:: Work item ::
Lines before the one containing "MOREFEEL Plus Size" are not wanted; restate the rest below word for word, through the last line, but drop any pictures.

:: Records shown ::
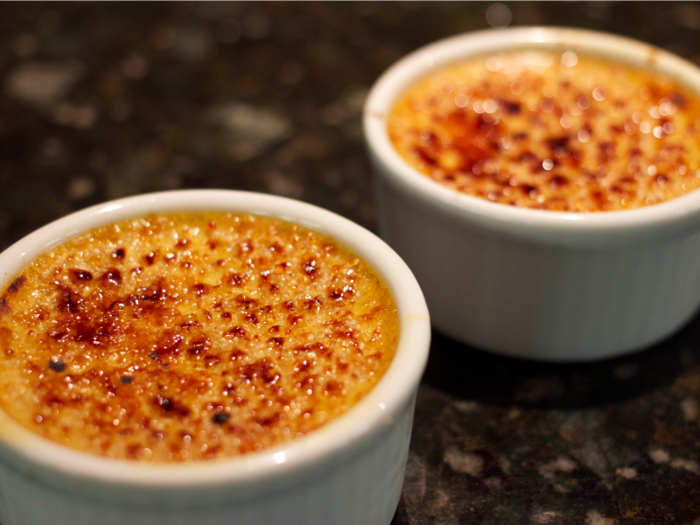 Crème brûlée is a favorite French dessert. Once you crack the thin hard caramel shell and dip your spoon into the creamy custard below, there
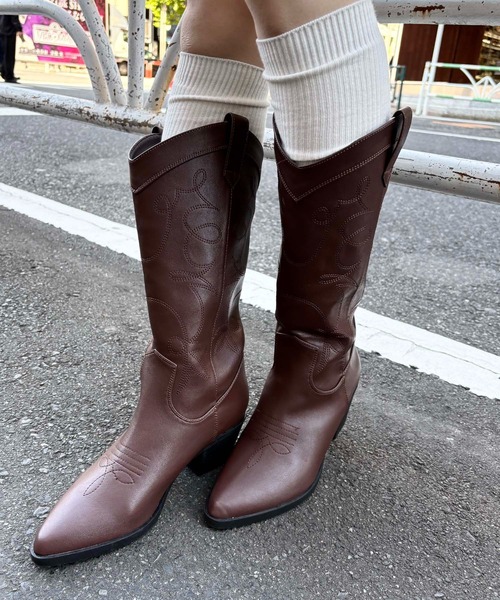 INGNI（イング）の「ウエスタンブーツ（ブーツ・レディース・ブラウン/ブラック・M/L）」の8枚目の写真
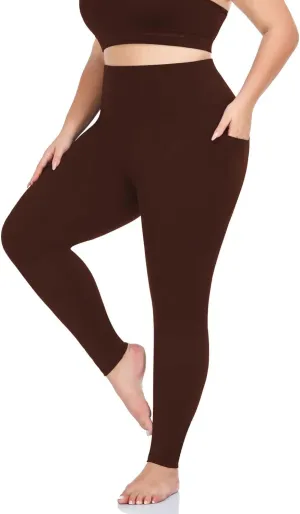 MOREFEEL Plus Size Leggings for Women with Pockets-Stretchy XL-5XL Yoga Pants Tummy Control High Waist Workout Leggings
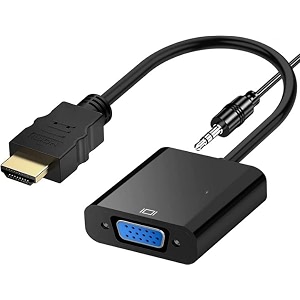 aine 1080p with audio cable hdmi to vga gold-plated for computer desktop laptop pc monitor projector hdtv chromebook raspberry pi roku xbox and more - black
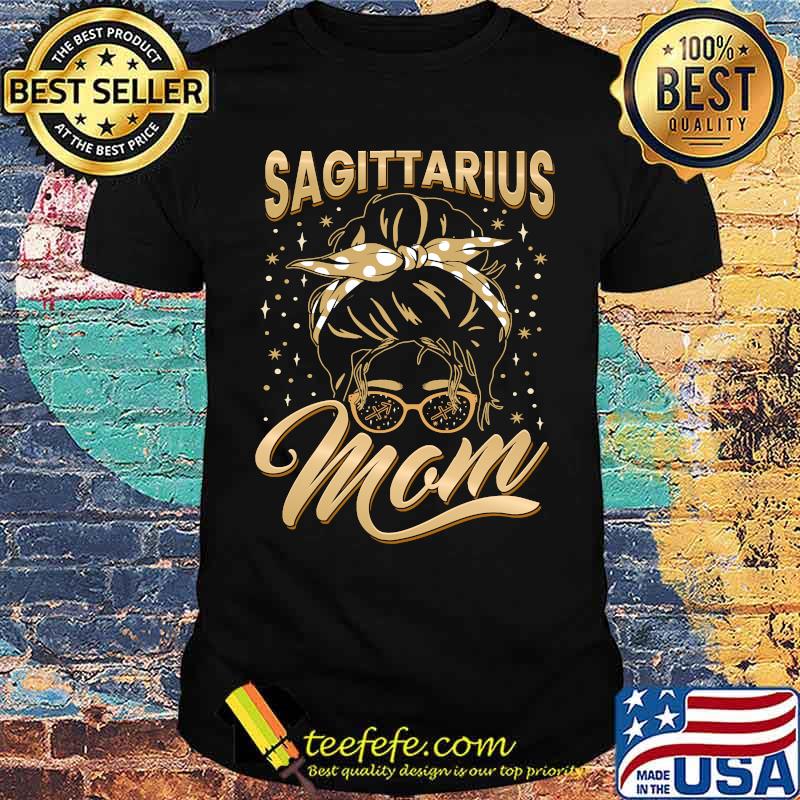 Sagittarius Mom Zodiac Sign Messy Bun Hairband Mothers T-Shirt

:: Answer to this task ::
 MOREFEEL Plus Size Leggings for Women with Pockets-Stretchy XL-5XL Yoga Pants Tummy Control High Waist Workout Leggings
 aine 1080p with audio cable hdmi to vga gold-plated for computer desktop laptop pc monitor projector hdtv chromebook raspberry pi roku xbox and more - black
 Sagittarius Mom Zodiac Sign Messy Bun Hairband Mothers T-Shirt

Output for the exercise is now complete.